2. The difference in cell voltage will produce large currents that flow into the cell of lower emf.

This produces a large current defined by I = Vhigh - Vlow / Rtot

where Rtot includes the internal cell resistance and interconnecting conductors.

The power produced by this current is dissipated in the internal resistance and it is this which causes the batteries to overheat, expand and even explode in extreme cases.
3. Conceptually, it's not so much that the total E.M.F (the 'voltage' of the cell) is equivalent to the higher emf battery. It's that ONLY the emf of the higher one is used.
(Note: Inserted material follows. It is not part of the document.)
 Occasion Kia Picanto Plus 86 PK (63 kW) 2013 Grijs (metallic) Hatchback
Think of a circulatory river being similar to an electronic circuit. Now the battery's EMF is the amount of motive (kinetic) energy gained per unit charge. So think of a battery as a downhill section of a river (the steeper the downhill gradient, the more kinetic energy gained per unit volume of water).

In parallel, it is analogous to a river meeting two downhill junctions (like an upside down 'Y'). The steeper turn is the battery with the higher emf. Now, the flow of water (I.E current) will naturally flow down the quickest path and hence all the water falls down the steeper gradient! This implies the the higher EMF battery is the only one putting work into the system!
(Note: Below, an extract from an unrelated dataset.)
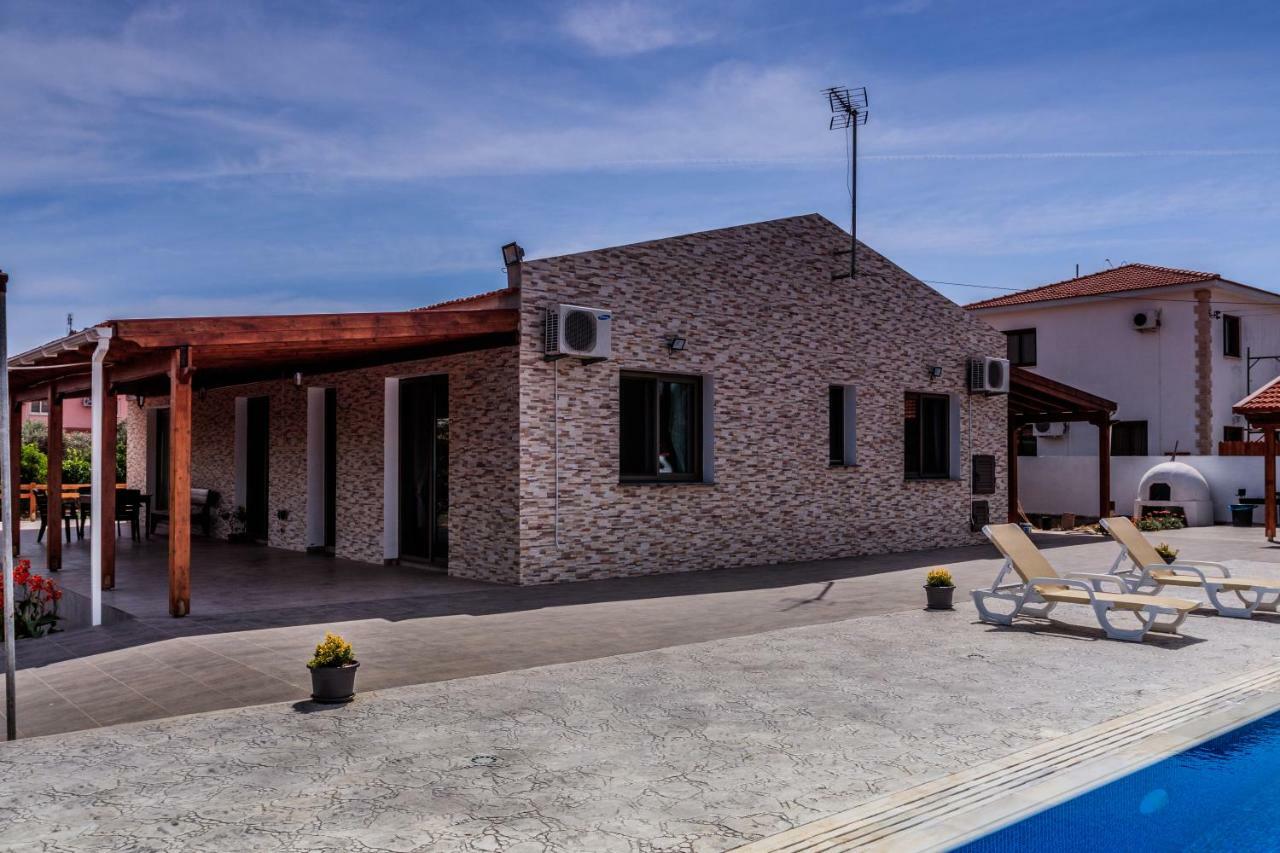 Berryrose Villa Perivolia Exterior photo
with respect, I don't think the above explanation answers your question with satisfaction.
4. (Original post by hecandothatfromran)
with respect, I don't think the above explanation answers your question with satisfaction.
When help is offered freely, it is highly patronising and not a little arrogant for a third party to pass comment and make a judgement on what the recipient will find satisfactory or not.

Kindly refrain from passing such comment in future - it's called social etiquette.
5. (Original post by uberteknik)
When help is offered freely, it is highly patronising and not a little arrogant for a third party to pass comment and make a judgement on what the recipient will find satisfactory or not.

Kindly refrain from passing such comment in future - it's called social etiquette.
Sorry dude, I really didn't mean any offence. I was just trying to help with the confusion. FTR, I thought you smashed that circuit question with a home run.
6. (Original post by hecandothatfromran)
Sorry dude, I really didn't mean any offence. I was just trying to help with the confusion. FTR, I thought you smashed that circuit question with a home run.
Hey bro, no worries. I need to go change my diapers! lol.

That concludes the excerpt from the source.